An interview with Dr. Sunil Coorey on delays in the administration of justice

The Sectoral Oversight Committee on Legal Affairs (anti-corruption) and Media made its recommendations pertaining to the expeditious and efficient administration of criminal justice on 20 September 2017. The Committee recommended an increase in the number of High Court Judges, State Counsels and stenographers. They also recommended that cases should be heard on a day-to-day basis to deal with what the Committee called the shameful state of delays that has angered the public.

Basil Fernando, Director of Policy and Programmes at the Asian Human Rights Commission (AHRC), interviewed a senior lawyer and legal scholar, Dr. Sunil Coorey, on this report.

[Basil Fernando- BF; Dr Sunil Coorey-SC.]

BF: Do you think that the mere increase of the number of judges and State Counsels is sufficient to overcome the problem of delays in the administration of justice?

SC: In my view, what is needed in order to better deal with cases is not increasing the number of judges or the officers in the Attorney General’s Department. What is needed is better quality judges; judges who are able to understand cases quickly and deliver justice without much delay. Therefore, merely increasing numbers will not help.

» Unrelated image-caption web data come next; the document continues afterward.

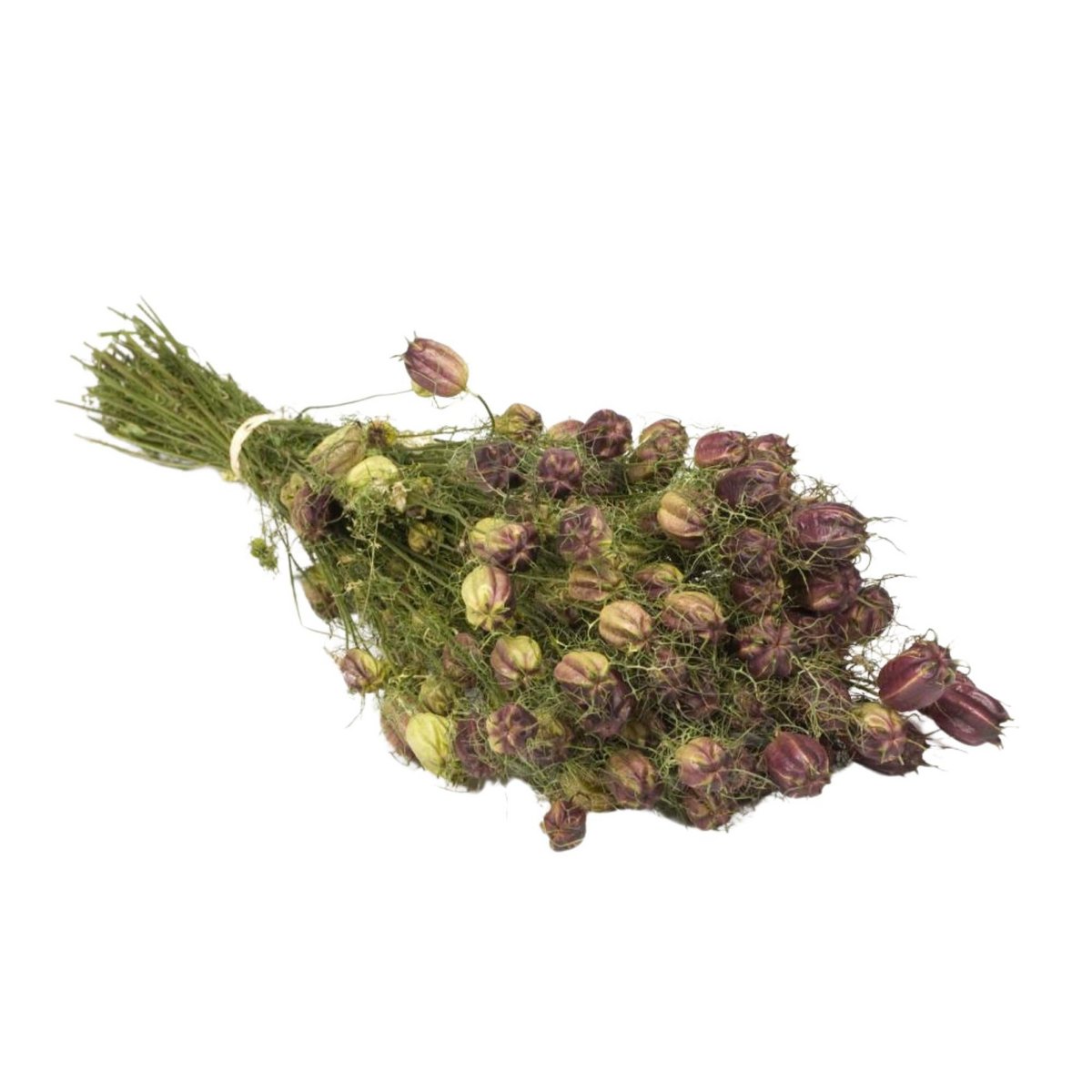 Getrocknete Blumen - Nigella Black Pod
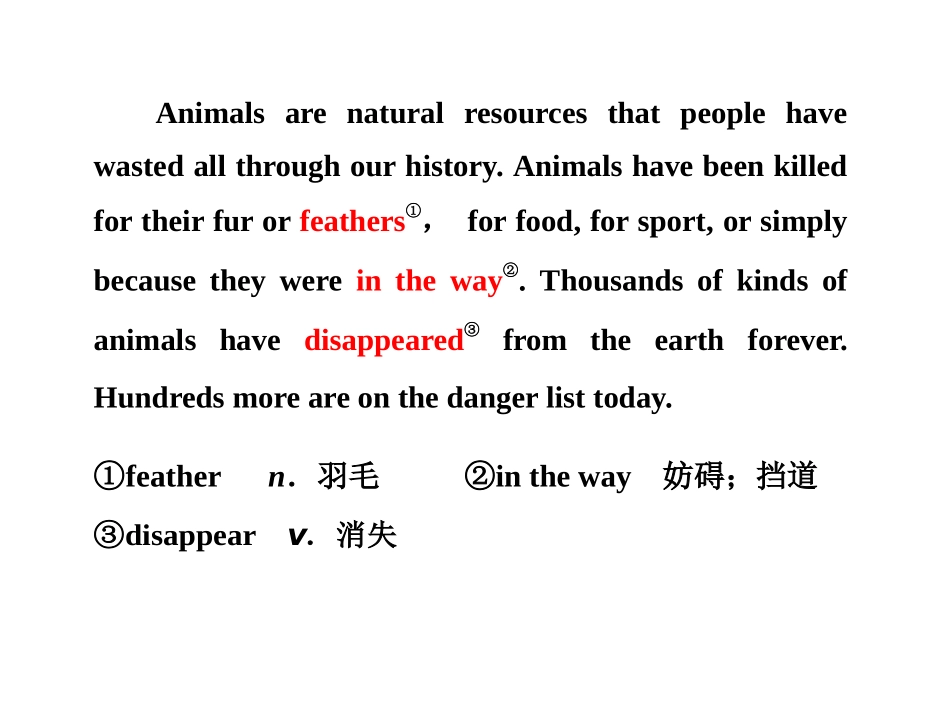 《Into the wild》Section ⅠPPT课件_第2页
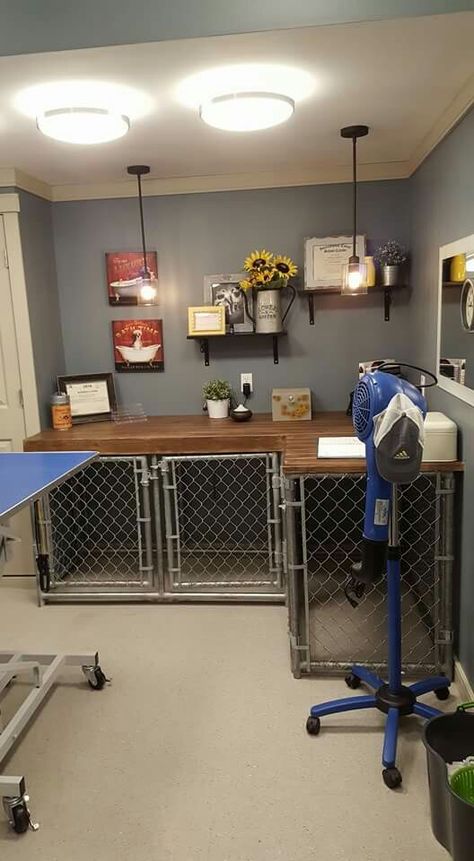 This would be great for the tool bench in the garage Dog Garage Kennel, Dog Grooming Cabin, Dog Kennels In Garage, Dog Grooming Organization, Tiny Grooming Salon, Garage Dog Grooming Salon, Garage Grooming Salon, Garage Kennel For Dogs, Home Dog Grooming Salon Ideas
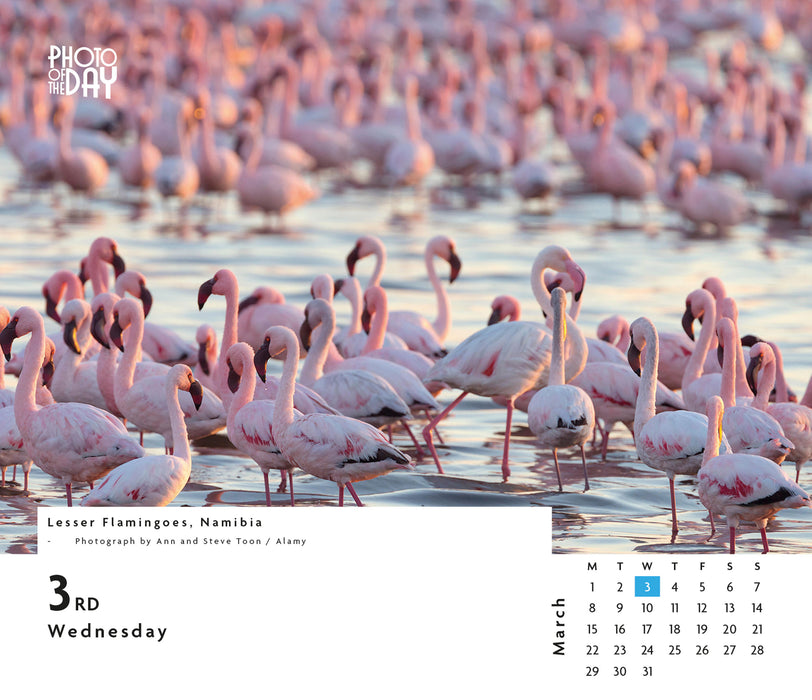 Photo of the Day 2027 Page-A-Day Calendar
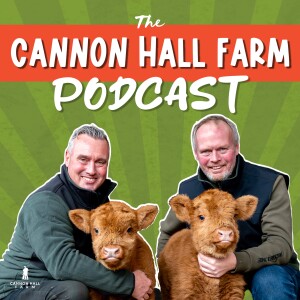 User Podcast Logo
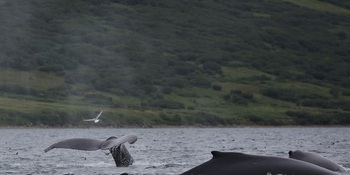 Исследования китообразных в проливе Сенявина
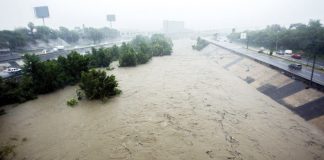 fernand-tormenta-gilberto-alex-monterrey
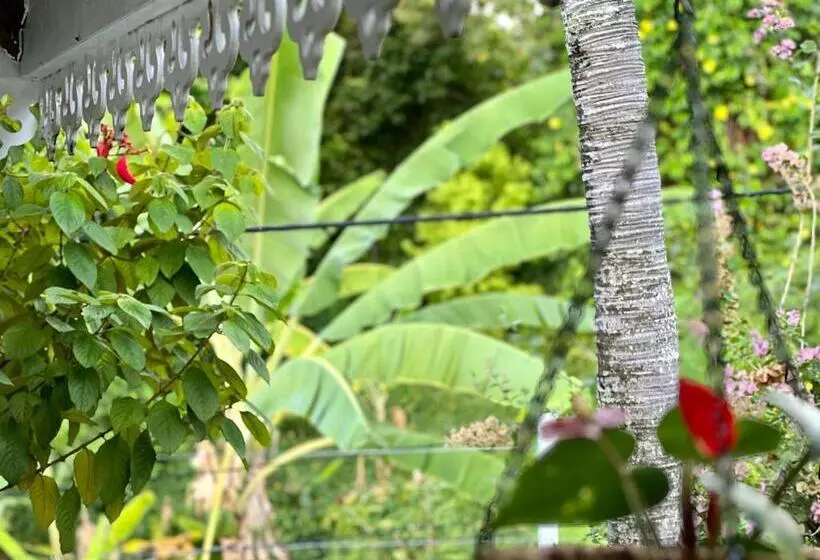 پانسیون Maison Taina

BF: Would you say the same thing about the Attorney General’s representatives?

SC: Yes, I would say the same thing about the Attorney General’s Department. What is needed is quality, not quantity.

BF: Can you explain how the limitations in quality are the reason for the delays in justice, including the problems with getting indictments filed?

SC: Yes. When a judge is not up to the mark, there will obviously be a failure in delivering justice; he may not understand the evidence, he may not properly evaluate the evidence, he may not know the law and he may not be able to give a proper judgement. One of the parties will be dissatisfied, so dissatisfied that they may have to appeal. And if the appeal is also not properly handled – if it is not dealt with by competent judges – there will be dissatisfaction again. The lawyers will think of a further appeal, maybe to the Supreme Court. So, in that way, there is more delay caused by the inefficient administration of justice.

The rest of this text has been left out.